Records for processing Block Start

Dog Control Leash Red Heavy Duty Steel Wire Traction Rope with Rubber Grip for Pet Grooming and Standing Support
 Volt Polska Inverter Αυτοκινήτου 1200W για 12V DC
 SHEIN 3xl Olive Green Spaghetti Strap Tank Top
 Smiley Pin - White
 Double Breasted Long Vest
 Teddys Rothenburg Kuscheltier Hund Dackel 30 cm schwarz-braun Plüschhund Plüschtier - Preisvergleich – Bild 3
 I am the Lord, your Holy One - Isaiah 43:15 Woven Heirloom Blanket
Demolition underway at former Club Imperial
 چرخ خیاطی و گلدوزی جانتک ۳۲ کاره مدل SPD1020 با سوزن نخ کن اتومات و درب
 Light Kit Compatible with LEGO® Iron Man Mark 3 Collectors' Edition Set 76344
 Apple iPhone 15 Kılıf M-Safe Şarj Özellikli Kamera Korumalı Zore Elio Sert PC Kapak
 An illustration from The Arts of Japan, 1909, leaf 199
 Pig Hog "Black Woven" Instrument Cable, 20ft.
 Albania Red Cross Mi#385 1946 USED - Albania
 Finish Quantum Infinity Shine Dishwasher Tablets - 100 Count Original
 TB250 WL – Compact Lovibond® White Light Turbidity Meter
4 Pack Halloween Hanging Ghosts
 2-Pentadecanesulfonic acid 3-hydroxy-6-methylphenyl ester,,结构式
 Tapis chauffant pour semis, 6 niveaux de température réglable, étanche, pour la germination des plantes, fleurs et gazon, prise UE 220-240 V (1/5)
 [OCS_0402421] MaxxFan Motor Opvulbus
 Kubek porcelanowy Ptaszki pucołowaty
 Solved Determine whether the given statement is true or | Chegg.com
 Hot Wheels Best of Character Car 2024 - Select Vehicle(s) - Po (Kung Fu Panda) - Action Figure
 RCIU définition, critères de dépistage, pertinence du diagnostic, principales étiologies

Records for processing Block End

## The problem
Look through the entries above and copy each line that has "with" in it.

## Response for this exercise
Dog Control Leash Red Heavy Duty Steel Wire Traction Rope with Rubber Grip for Pet Grooming and Standing Support
 Light Kit Compatible with LEGO® Iron Man Mark 3 Collectors' Edition Set 76344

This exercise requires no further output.